Quem saiu de casa nas primeiras horas desta quarta-feira (17) encontrou um cenário diferente em Caruaru. Uma densa névoa encobriu diversos pontos da cidade, reduzindo a visibilidade em ruas e avenidas e deixando a paisagem parcialmente escondida durante boa parte da manhã.
Além da névoa, moradores também perceberam temperaturas mais amenas e o acúmulo de umidade em janelas, vidros de veículos e outras superfícies. Em alguns locais, a visibilidade ficou bastante comprometida, exigindo mais atenção de motoristas e motociclistas.
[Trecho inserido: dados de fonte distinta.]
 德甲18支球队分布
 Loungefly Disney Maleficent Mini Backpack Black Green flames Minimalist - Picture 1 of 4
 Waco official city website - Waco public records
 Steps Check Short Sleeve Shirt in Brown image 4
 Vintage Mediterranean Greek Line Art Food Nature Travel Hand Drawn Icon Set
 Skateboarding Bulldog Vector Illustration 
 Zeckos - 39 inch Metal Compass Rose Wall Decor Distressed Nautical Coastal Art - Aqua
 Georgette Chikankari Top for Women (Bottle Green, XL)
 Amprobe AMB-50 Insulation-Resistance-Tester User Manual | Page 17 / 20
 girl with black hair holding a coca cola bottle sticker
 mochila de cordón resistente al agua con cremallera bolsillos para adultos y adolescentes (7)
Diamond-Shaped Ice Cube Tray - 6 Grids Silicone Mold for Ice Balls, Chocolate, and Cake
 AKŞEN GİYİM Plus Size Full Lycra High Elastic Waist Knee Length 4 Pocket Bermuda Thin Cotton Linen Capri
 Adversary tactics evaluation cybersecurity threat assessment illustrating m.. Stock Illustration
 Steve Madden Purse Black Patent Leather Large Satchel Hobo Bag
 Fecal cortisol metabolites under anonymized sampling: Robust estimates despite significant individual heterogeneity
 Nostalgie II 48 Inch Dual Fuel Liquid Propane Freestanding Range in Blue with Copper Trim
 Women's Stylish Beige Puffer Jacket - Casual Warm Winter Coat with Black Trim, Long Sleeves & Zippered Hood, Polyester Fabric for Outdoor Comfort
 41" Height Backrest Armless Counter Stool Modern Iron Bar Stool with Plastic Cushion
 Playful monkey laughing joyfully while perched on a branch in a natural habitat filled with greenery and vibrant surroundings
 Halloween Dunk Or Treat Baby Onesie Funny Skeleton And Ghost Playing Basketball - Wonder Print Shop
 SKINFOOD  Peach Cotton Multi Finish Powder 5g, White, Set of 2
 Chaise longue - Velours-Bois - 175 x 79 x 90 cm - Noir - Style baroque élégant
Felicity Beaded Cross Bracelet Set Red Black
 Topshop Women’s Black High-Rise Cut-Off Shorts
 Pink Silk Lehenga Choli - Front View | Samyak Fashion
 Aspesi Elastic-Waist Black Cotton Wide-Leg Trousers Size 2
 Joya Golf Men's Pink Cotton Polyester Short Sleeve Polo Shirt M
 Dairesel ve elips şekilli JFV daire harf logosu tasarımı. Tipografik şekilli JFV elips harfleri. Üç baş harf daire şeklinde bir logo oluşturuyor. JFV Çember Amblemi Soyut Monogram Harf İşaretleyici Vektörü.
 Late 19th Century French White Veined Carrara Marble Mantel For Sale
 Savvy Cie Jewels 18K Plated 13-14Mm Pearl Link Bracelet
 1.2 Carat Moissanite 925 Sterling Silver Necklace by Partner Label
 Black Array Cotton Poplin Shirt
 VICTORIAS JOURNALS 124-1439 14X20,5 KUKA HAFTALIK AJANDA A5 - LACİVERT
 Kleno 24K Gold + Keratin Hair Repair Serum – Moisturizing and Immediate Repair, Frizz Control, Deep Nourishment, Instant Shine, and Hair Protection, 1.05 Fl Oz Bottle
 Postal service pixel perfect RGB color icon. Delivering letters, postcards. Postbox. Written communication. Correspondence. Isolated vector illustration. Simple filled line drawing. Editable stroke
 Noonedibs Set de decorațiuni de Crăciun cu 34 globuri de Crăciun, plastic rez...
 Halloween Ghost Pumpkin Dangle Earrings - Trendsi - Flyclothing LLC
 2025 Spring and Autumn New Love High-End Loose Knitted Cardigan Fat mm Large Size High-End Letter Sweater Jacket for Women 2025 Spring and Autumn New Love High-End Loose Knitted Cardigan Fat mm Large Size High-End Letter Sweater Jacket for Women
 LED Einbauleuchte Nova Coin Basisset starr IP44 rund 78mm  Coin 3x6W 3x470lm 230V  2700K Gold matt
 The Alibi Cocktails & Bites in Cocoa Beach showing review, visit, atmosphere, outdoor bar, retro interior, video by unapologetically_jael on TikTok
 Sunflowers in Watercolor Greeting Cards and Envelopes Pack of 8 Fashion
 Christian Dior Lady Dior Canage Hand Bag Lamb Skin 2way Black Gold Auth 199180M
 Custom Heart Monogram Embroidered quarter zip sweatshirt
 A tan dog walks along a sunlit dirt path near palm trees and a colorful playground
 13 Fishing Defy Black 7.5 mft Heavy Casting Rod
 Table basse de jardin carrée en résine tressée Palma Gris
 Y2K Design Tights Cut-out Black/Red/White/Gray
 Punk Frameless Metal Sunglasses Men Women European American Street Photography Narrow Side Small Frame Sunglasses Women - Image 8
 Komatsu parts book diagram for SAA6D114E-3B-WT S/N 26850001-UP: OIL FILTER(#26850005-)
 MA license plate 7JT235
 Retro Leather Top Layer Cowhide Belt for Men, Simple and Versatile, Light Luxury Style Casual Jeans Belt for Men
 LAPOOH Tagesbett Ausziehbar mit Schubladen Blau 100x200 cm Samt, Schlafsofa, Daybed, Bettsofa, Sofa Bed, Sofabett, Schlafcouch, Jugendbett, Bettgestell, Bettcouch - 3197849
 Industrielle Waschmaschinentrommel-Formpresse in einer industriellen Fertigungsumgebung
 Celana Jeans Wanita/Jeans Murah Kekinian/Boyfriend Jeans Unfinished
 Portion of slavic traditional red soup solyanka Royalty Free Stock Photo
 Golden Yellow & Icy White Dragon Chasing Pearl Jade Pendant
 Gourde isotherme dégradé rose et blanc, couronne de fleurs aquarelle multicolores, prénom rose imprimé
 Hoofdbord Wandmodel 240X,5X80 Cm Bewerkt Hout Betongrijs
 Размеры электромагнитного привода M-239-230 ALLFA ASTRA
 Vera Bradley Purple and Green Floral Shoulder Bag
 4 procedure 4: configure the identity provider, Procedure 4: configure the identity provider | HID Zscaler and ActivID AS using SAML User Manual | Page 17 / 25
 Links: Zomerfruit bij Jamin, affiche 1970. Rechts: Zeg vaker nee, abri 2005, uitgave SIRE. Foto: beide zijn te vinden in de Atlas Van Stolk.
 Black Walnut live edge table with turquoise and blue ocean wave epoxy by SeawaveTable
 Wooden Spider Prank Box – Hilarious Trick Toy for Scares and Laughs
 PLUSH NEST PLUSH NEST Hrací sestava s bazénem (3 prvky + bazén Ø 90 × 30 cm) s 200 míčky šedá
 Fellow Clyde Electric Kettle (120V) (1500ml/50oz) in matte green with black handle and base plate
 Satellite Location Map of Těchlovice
O fenômeno ocorre quando pequenas gotículas de água permanecem suspensas próximas ao solo. Isso costuma acontecer durante a madrugada, quando a temperatura diminui e a umidade do ar aumenta, favorecendo a condensação do vapor de água presente na atmosfera.
A mesma condição explica por que muitas casas amanheceram com vidros e janelas embaçados ou “suados”. O contato do ar úmido com superfícies mais frias provoca a formação dessas pequenas gotas de água.
Apesar de chamar a atenção e alterar a paisagem da cidade, a névoa é considerada um fenômeno comum nesta época do ano, marcada por madrugadas mais frias e maior concentração de umidade. A tendência é que ela se dissipe gradualmente com o aquecimento do ar ao longo da manhã.
A presença da névoa também costuma estar relacionada a condições atmosféricas mais estáveis, motivo pelo qual existe o conhecido ditado popular: “névoa que baixa, sol que racha”. Embora não seja uma regra, é comum que, após a dissipação do fenômeno, o tempo permaneça firme durante o restante do dia.
Até o momento, a Agência Pernambucana de Águas e Clima (Apac) não divulgou informações específicas sobre o fenômeno registrado em Caruaru nesta quarta-feira (17).